Agora que já se passaram 20 anos desde a publicação, sinto que se recuperou o romance. As pessoas leem um livro real e reagem como se reage normalmente diante de um livro: há pessoas às quais ele agrada muito e outras às quais não agrada nada e, entre um extremo e outro, há todos os matizes intermediários.
É esse o destino comum de todos os livros.

PERGUNTA - A reação que se seguiu a sua publicação o surpreendeu?
RUSHDIE
- Totalmente. Isto é, todos os meus livros tinham sido malvistos por pessoas de opiniões religiosas islâmicas ortodoxas. Elas não gostaram de "Os Filhos da Meia-Noite", não gostaram de "Vergonha" -então, quando publiquei "Os Versos Satânicos", imaginei que tampouco gostariam dele.
O que não esperava era uma reação tão virulenta.

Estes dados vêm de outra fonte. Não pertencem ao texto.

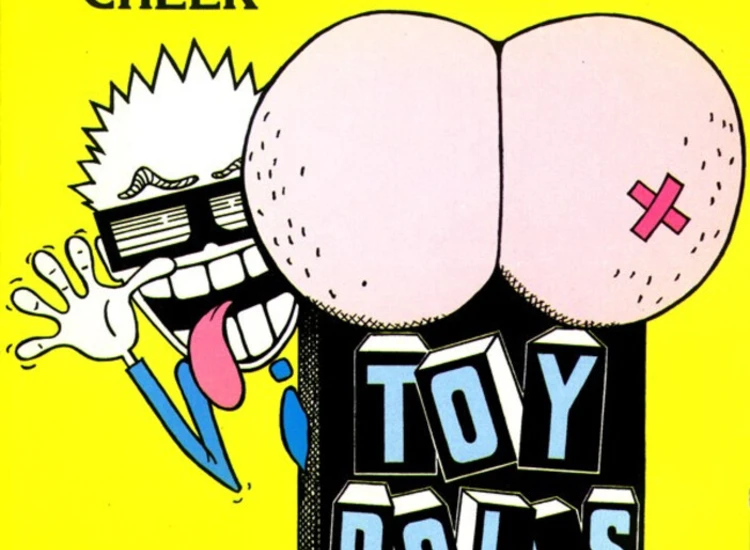 CD, Album, RE Toy Dolls - Bare Faced Cheek ansehen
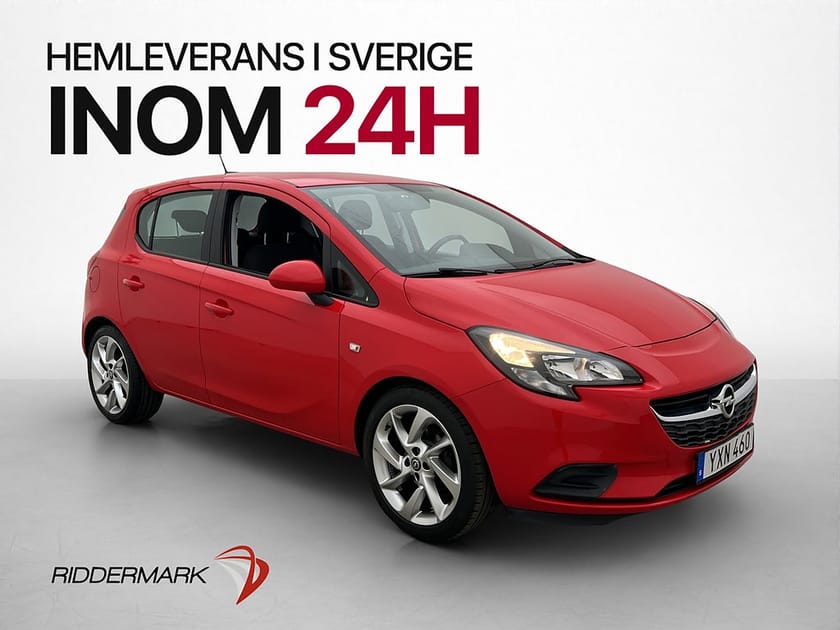 Bild 3 av Opel Corsa 1.4 Manuell 90hk Enjoy P-Sensorer Rattvärme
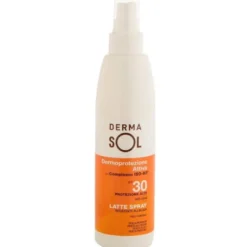 Dermasol Latte Spray Protezione Alta SPF30 200ml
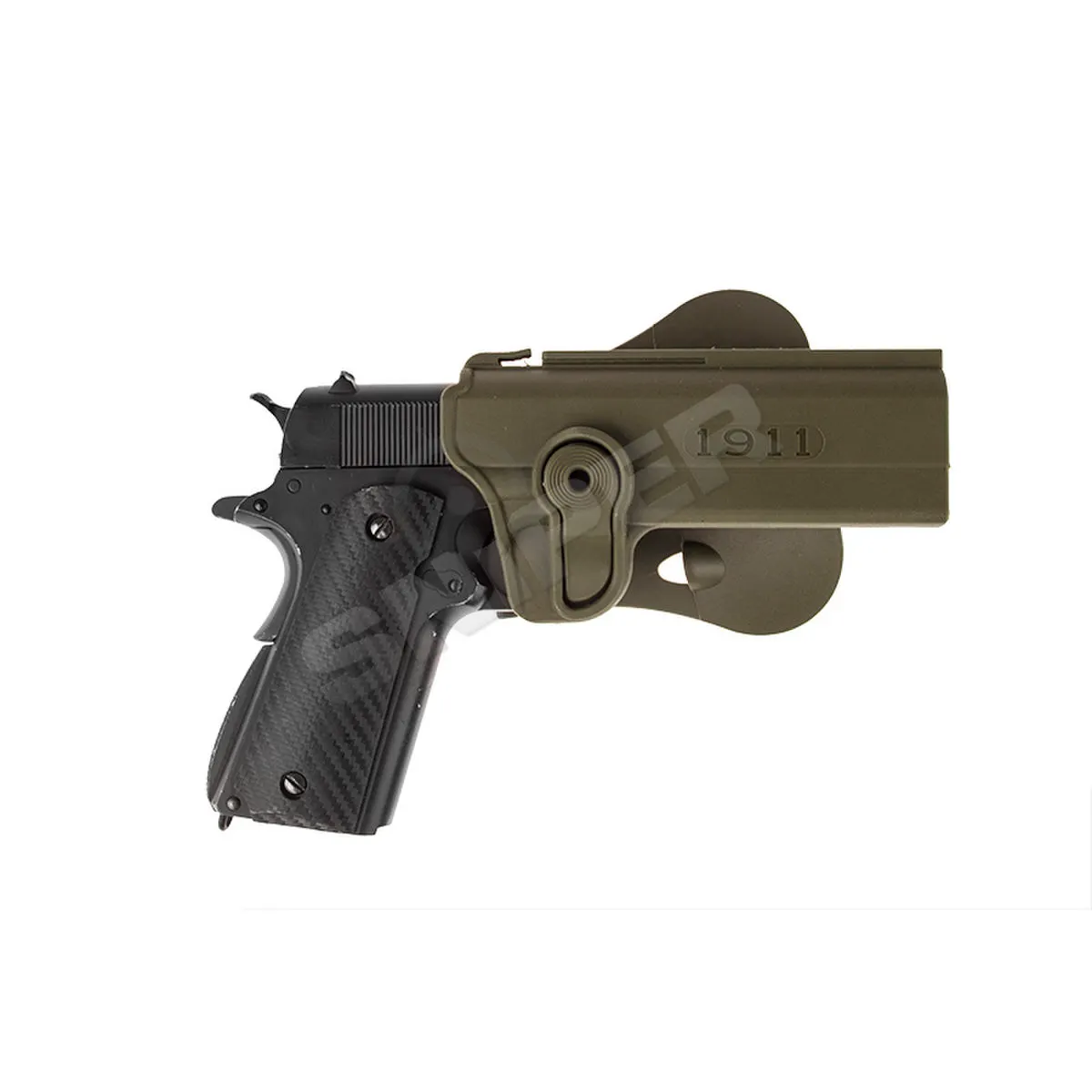 Holster für 1911 5inch Variants, OD Holster für 1911 5inch Variants, OD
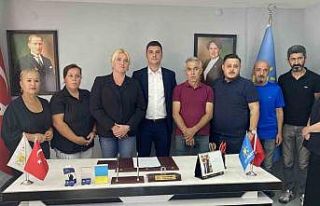 İYİ Parti Zonguldak Merkez İlçe Teşkilatı’nda...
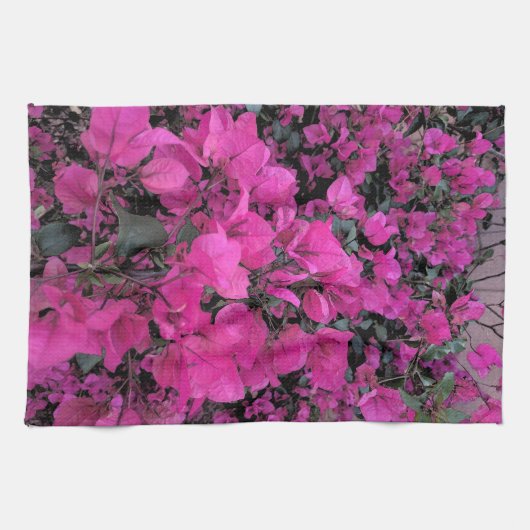 Bougainvillea Serviette de cuisine (Horizontal)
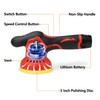 ROADGIVE Cordless Car Buffer Polisher with 2PCS 2.0Ah Battery, (5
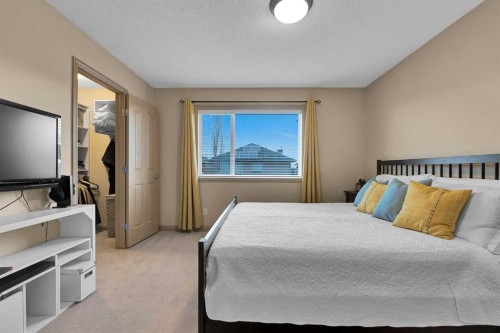 270 Everstone Drive Sw, Calgary, AB - Indoor Photo Showing Bedroom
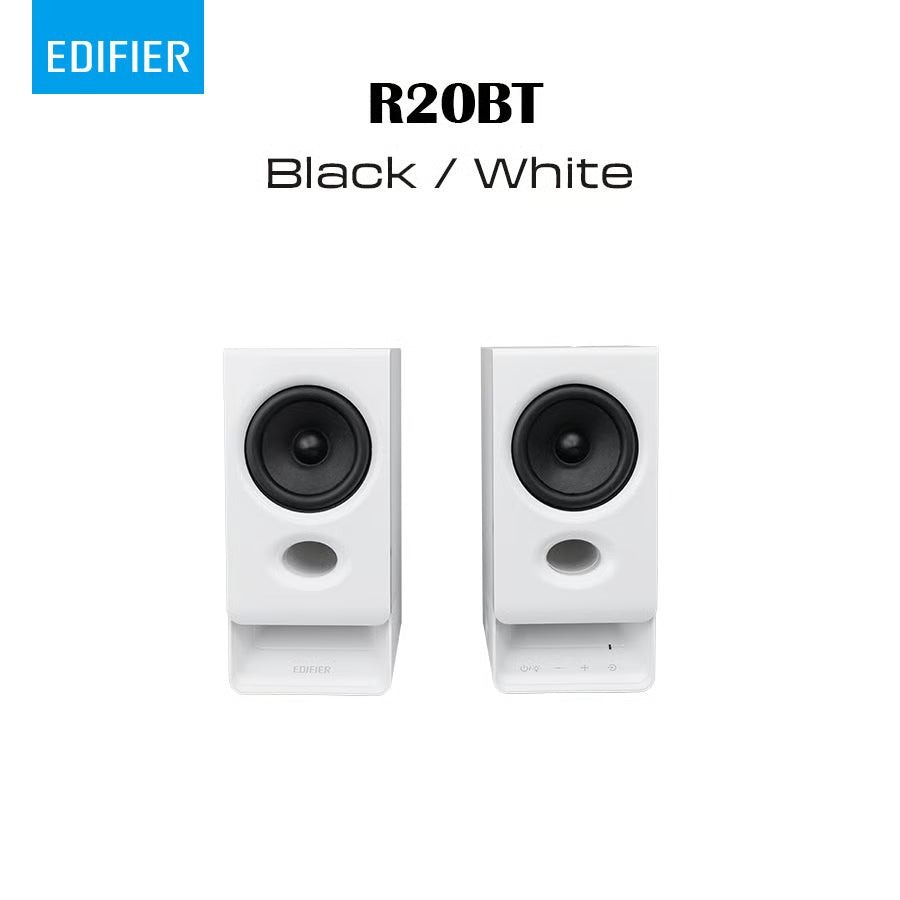 Edifier R20BT USB/藍牙 多媒體桌上型喇叭 - 白色 White - 1年保養
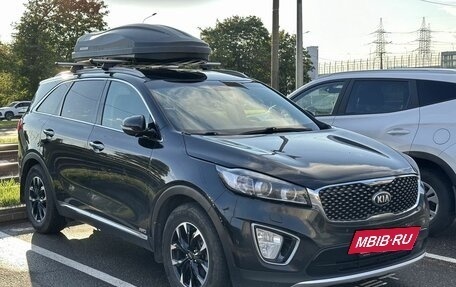 KIA Sorento III Prime рестайлинг, 2017 год, 2 249 000 рублей, 3 фотография
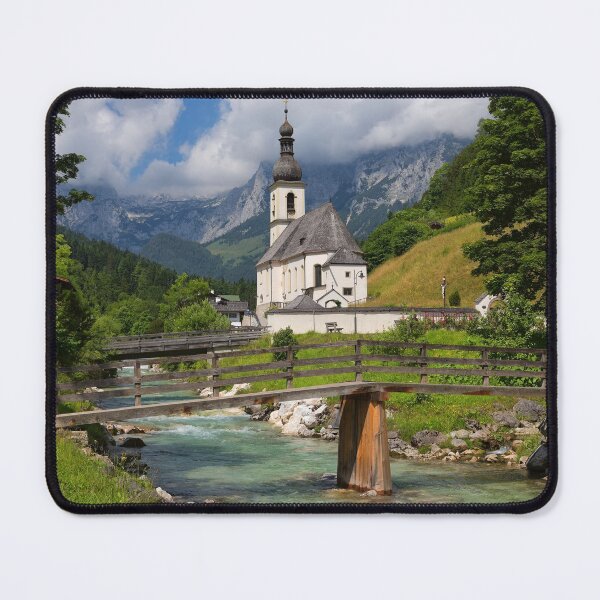Item preview, St. Sebastian Church, Ramsau Bei Berchtesgaden designed and sold by Yair Karelic.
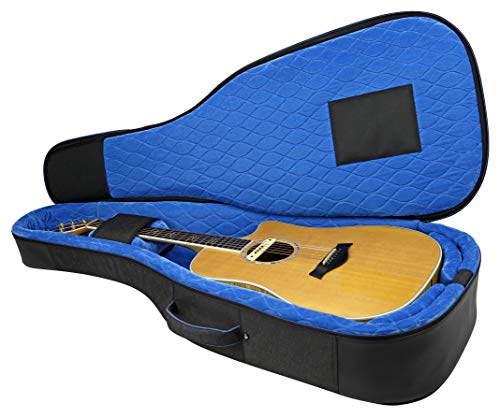 Reunion Blues RBCA2 RB Continental Voyager Dreadnought Acoustic Guitar Case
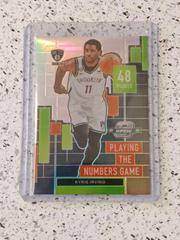 Kyrie Irving #15 Basketball Cards 2022 Panini Contenders Optic Playing the Numbers Game Prices
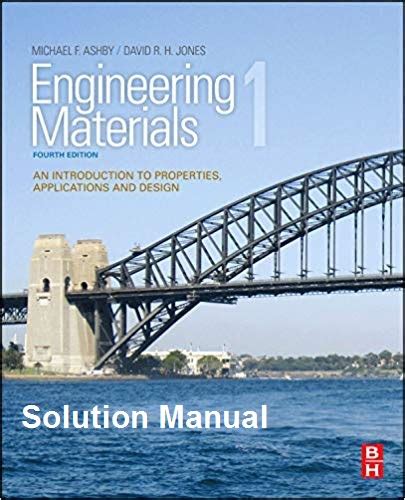 Engineering Materials Ashby Solution Manual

Se Khomeini não houvesse decretado minha condenação, o livro teria uma trajetória normal.

PERGUNTA - Foi muito difícil manter-se fiel a seus princípios como escritor e tentar seguir adiante depois da fatwa?
RUSHDIE
- Muito, sobretudo no início. Houve um momento, alguns meses após o ataque, em que achei que não seria capaz de seguir adiante. O que me salvou foi pensar que estava longe de ser o primeiro escritor a sofrer uma perseguição desse tipo. A história da literatura é marcada por episódios trágicos, como o gulag.
Dostoiévski chegou a ficar diante de um pelotão de fuzilamento. Ovídio morreu no exílio, Jean Genet escreveu grande parte de sua obra na prisão. A lista é muito extensa. Disse a mim mesmo que, se eles tiveram a integridade de resistir diante das dificuldades, eu era obrigado a fazer o mesmo.
Talvez essa lhe pareça uma afirmação grandiloquente, mas tenho um conceito muito elevado da literatura, e, se eu queria ser um representante digno da arte literária, tinha a obrigação de não desmoronar.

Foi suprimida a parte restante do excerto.